When working with two lists of numbers, we sometimes need to find how many elements from the first list are strictly smaller than at least k elements in the second list. This problem can be solved efficiently by sorting and comparison.

So, if the input is like A = [6, -2, 100, 11], B = [33, 6, 30, 8, 14], k = 3, then the output will be 3, as -2, 6, and 11 are strictly less than 3 elements in B.

Algorithm

To solve this, we will follow these steps −

• if k is same as 0, then
  • return size of A
• sort B in reverse order
• ct := 0
• for each element in A, do
  • if element < B[k - 1], then
    • ct := ct + 1
• return ct

Example

Let us see the following implementation to get better understanding −

class Solution:
    def solve(self, A, B, k):
        if k == 0:
            return len(A)
        B.sort(reverse=True)
        ct = 0
        for i in A:
            if i < B[k - 1]:
                ct += 1
        return ct

ob = Solution()
A = [6, -2, 100, 11]
B = [33, 6, 30, 8, 14]
k = 3
print(ob.solve(A, B, k))

3

How It Works

The algorithm works by first sorting list B in descending order. After sorting, B becomes [33, 30, 14, 8, 6]. The element at position k-1 (which is B[2] = 14) represents the k-th largest element in B. Any element in A that is strictly less than this value will be strictly less than at least k elements in B.

Step-by-Step Execution

A = [6, -2, 100, 11]
B = [33, 6, 30, 8, 14]
k = 3

# Step 1: Sort B in reverse order
B_sorted = sorted(B, reverse=True)
print("Sorted B:", B_sorted)

# Step 2: Find k-th largest element (at index k-1)
kth_largest = B_sorted[k-1]
print(f"The {k}-th largest element in B: {kth_largest}")
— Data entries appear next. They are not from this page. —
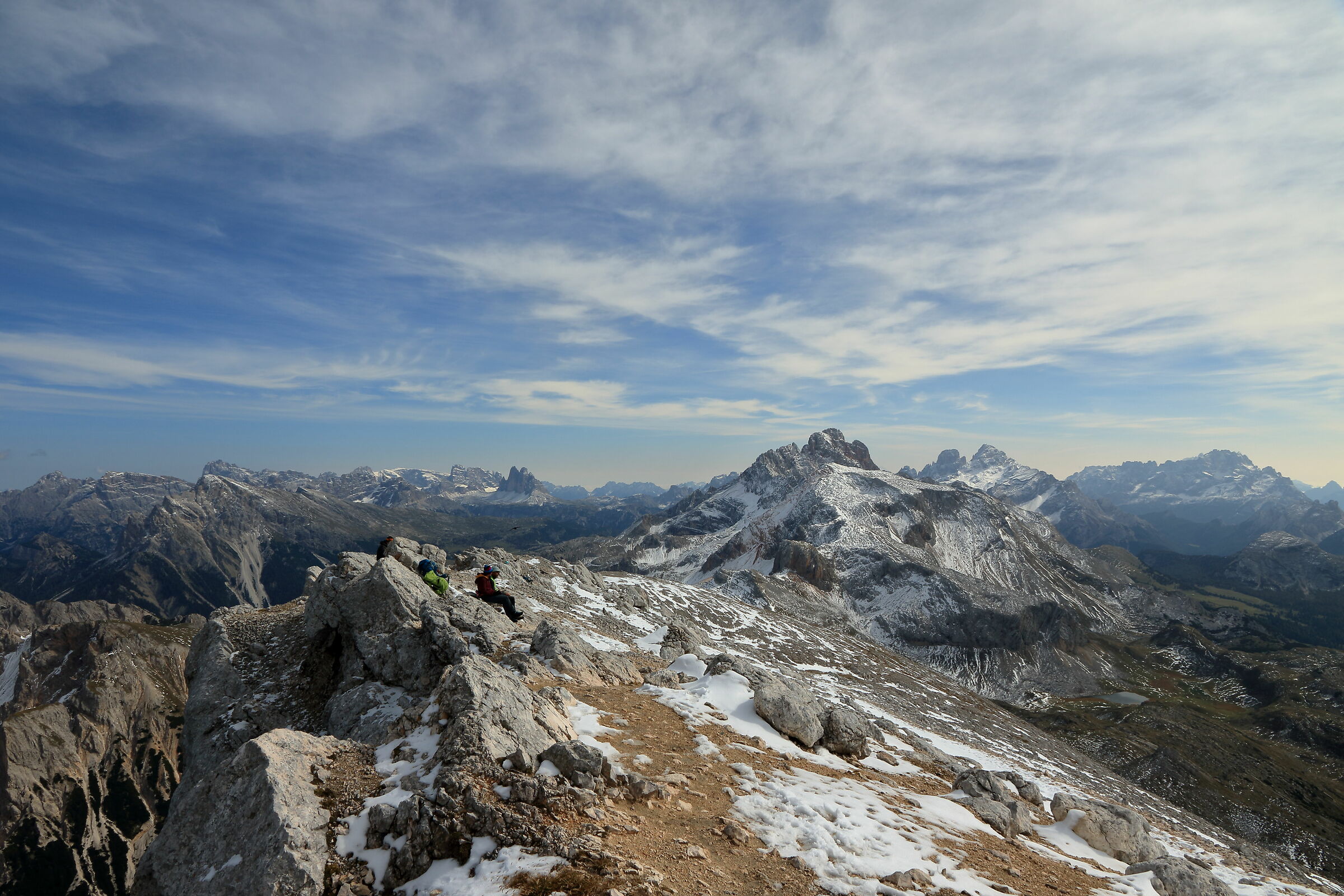 On the summit of the Beak Croda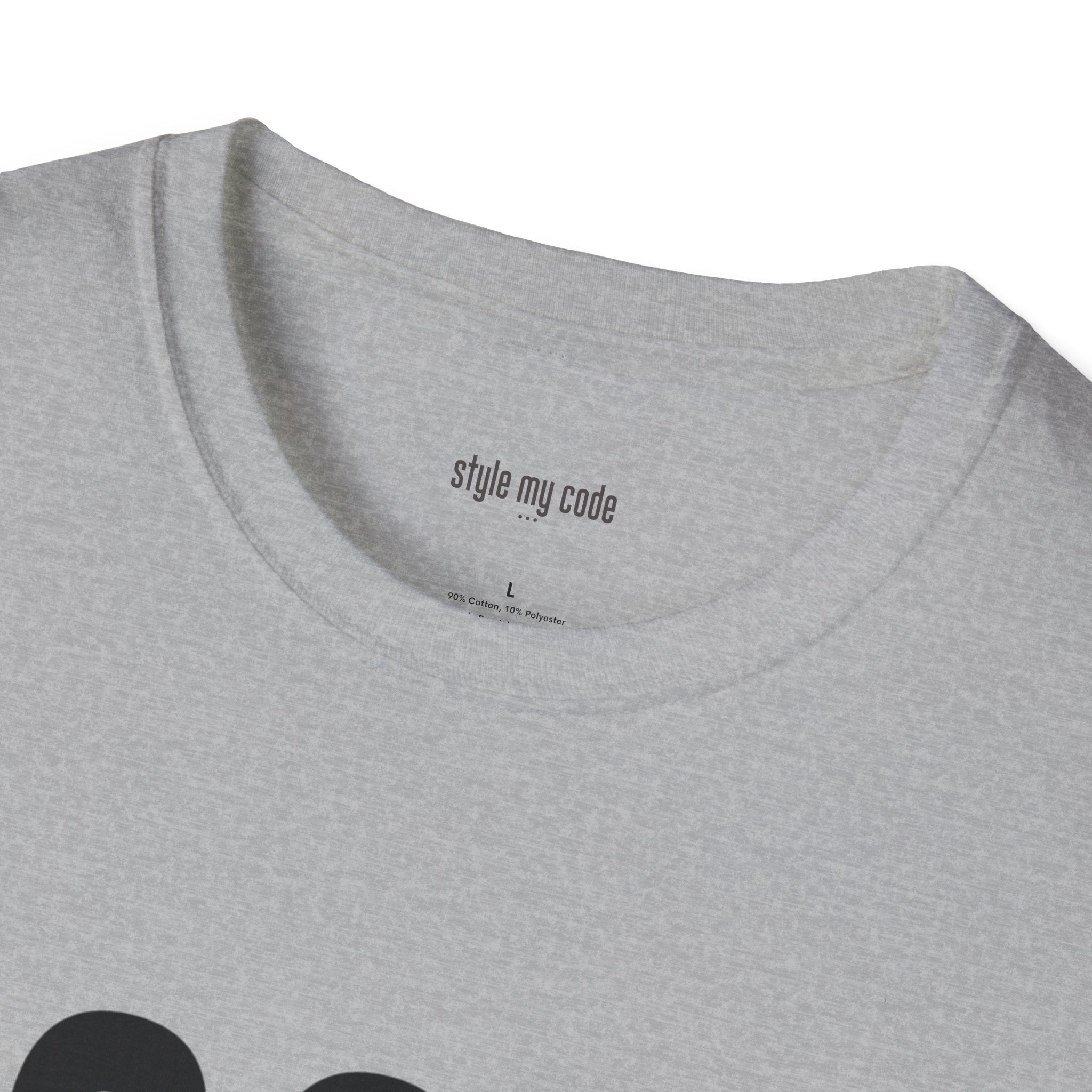 626 Unisex Black Logo Soft-style T-Shirt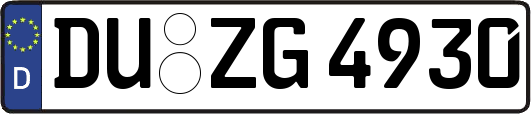 DU-ZG4930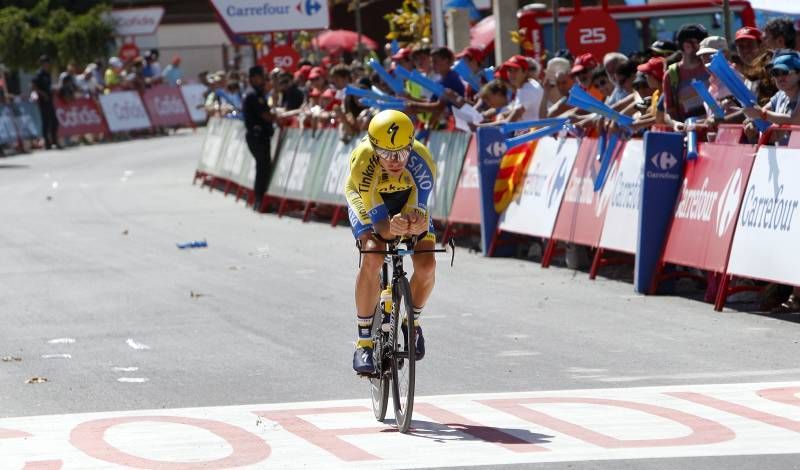 La vuelta en Aragón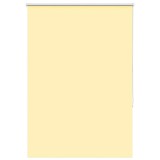 Jaluzea cu role opace galben 115x150 cm Lățime material 110,7 cm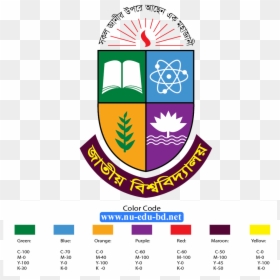 National University Bangladesh Logo Download - Bangladesh National University, HD Png Download - bangladesh png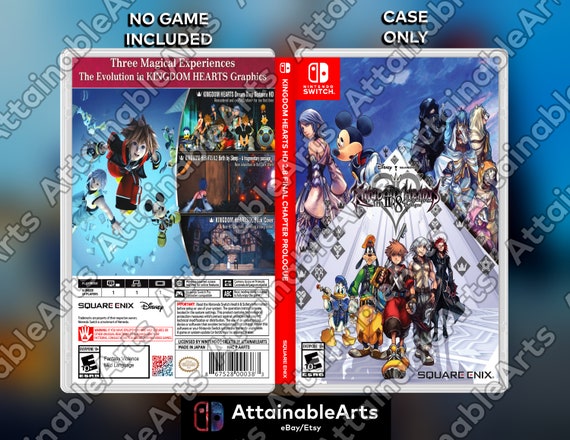 Consejo Rápido Desconfianza Kingdom Hearts HD 2.8 Final Chapter Prologue Custom Nintendo - Etsy España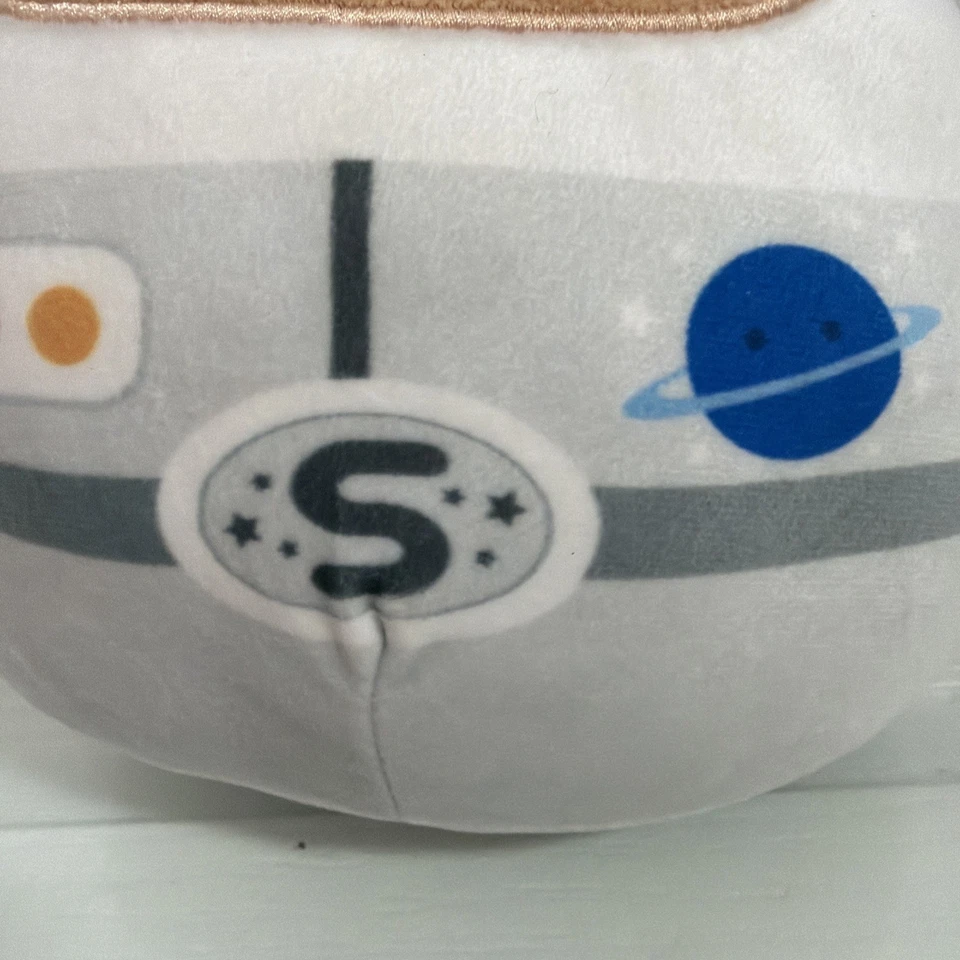Squishmallows 8” Daryl el Perro Astronauta 2021 Escuadrón Espacial Kelly Juguetes Limpios Foto 3 de 4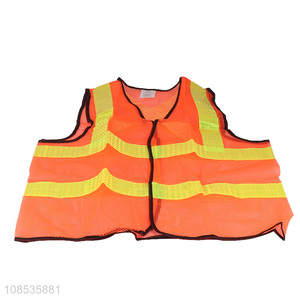 Hot sale multipurpose construction traffic reflective safety vest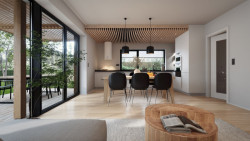 ZEO Verdant - jídelní prostor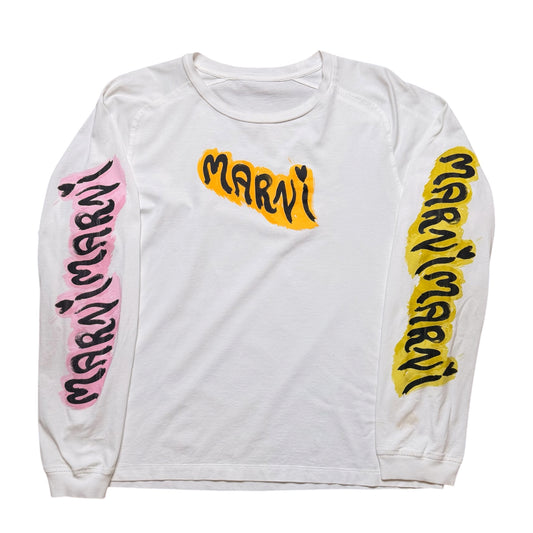 Marni LS Tee White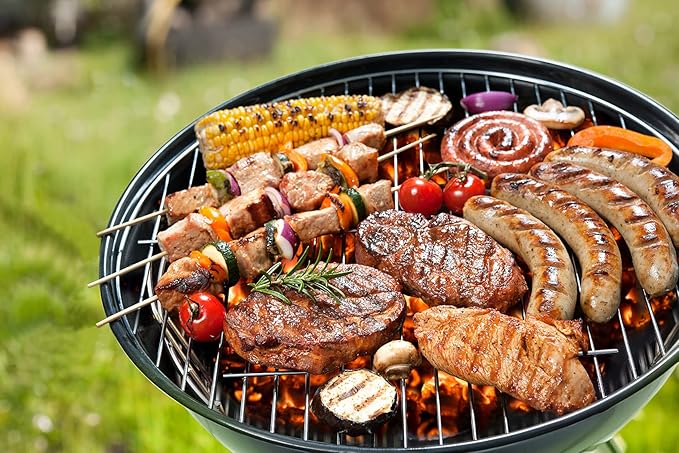 Stainless Steel Charcoal Ash Basket Charcoal Briquet Holder BBQ Accessories for Weber 22" Kettle Grills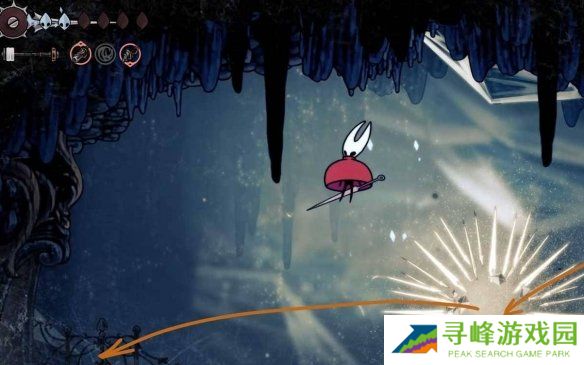 空洞骑士丝之歌二段跳怎么拿    二段跳位置及获得方法图片36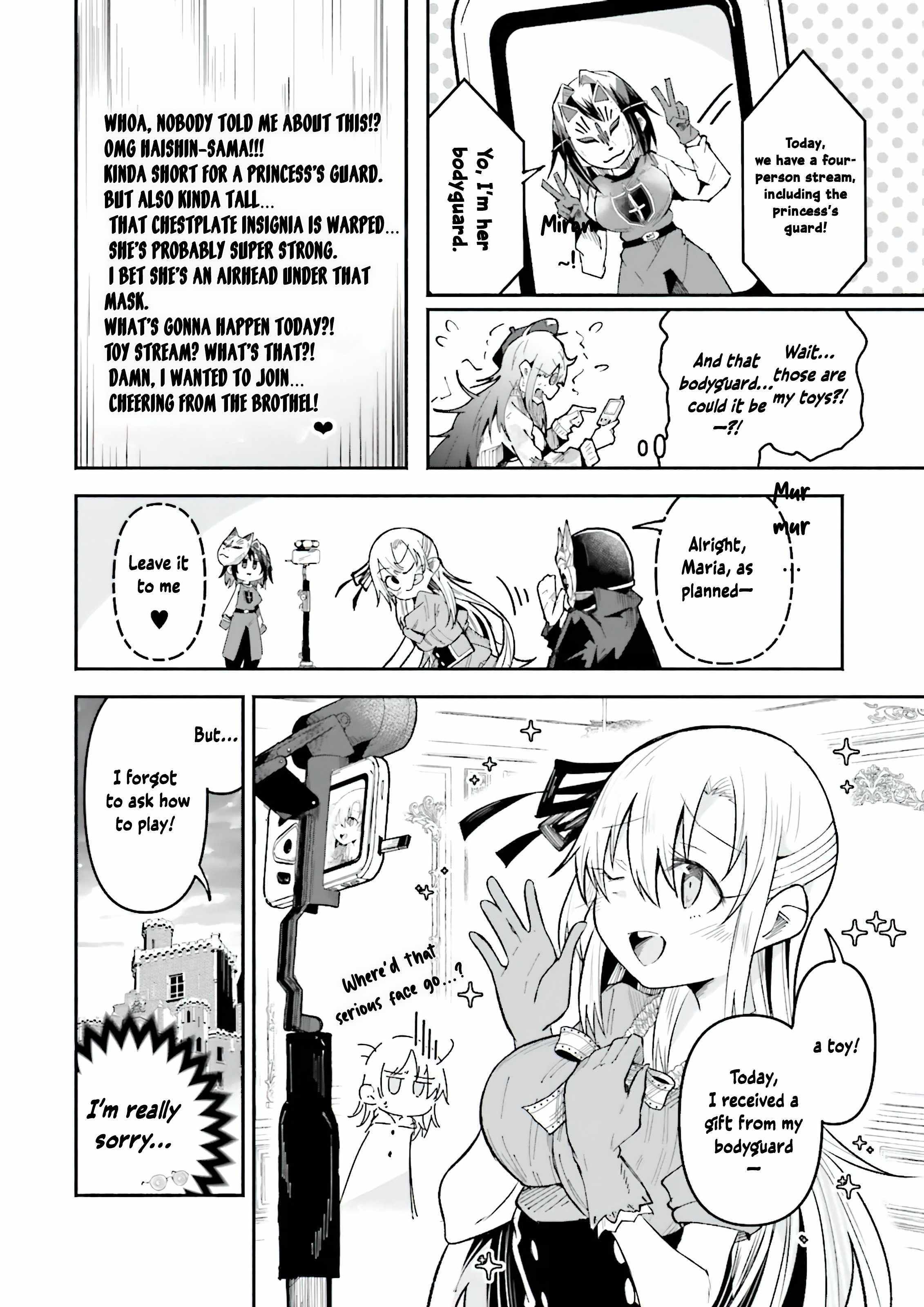 The Case In Which Streaming In Another World Led To The Creation Of A Massive Yandere Following Chapter 46.2 page 5 - 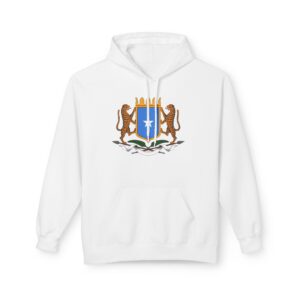 Somalia Crest Hoodie — Somali Coat of Arms Pullover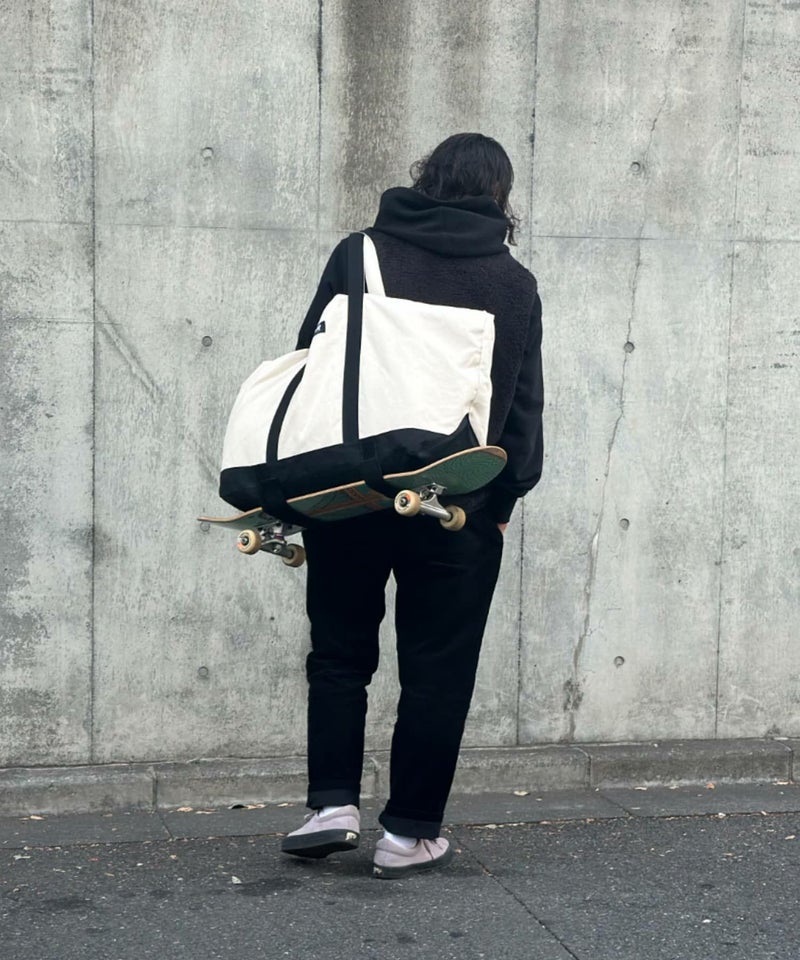 [期間限定価格]【オンラインストア限定】THRASHER  スケーティングトートバッグ商品画像-8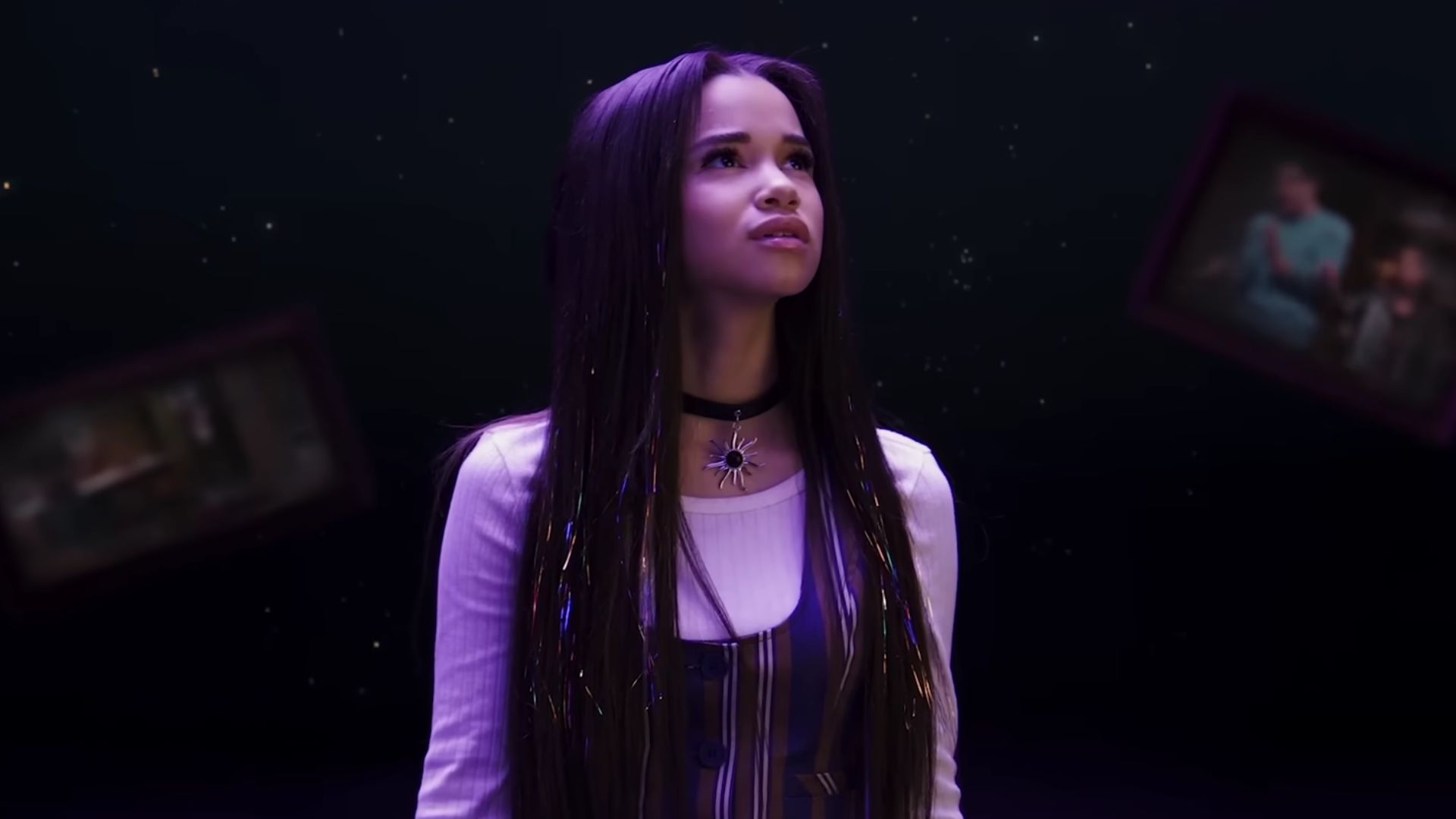 Billie from Wizards Beyond Waverly Place (Screenshot from YouTube/@ Disney Channel)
# Step 3: Count elements in A that are strictly less than kth_largest
count = 0
for element in A:
    if element < kth_largest:
        print(f"{element} < {kth_largest}: True")
        count += 1
    else:
        print(f"{element} < {kth_largest}: False")

print(f"Total count: {count}")

Sorted B: [33, 30, 14, 8, 6]
The 3-th largest element in B: 14
6 < 14: True
-2 < 14: True
100 < 14: False
11 < 14: True
Total count: 3

Edge Cases

# Case 1: k = 0 (all elements in A qualify)
ob = Solution()
print("k=0:", ob.solve([1, 2, 3], [4, 5, 6], 0))

# Case 2: No elements in A qualify
print("No qualifying elements:", ob.solve([50, 60, 70], [1, 2, 3], 2))

# Case 3: All elements in A qualify  
print("All qualifying elements:", ob.solve([1, 2, 3], [10, 20, 30], 2))

k=0: 3
No qualifying elements: 0
All qualifying elements: 3

Conclusion

This algorithm efficiently solves the problem in O(n log n) time by sorting list B and comparing each element in A with the k-th largest element. The key insight is that if an element is smaller than the k-th largest element, it's automatically smaller than at least k elements.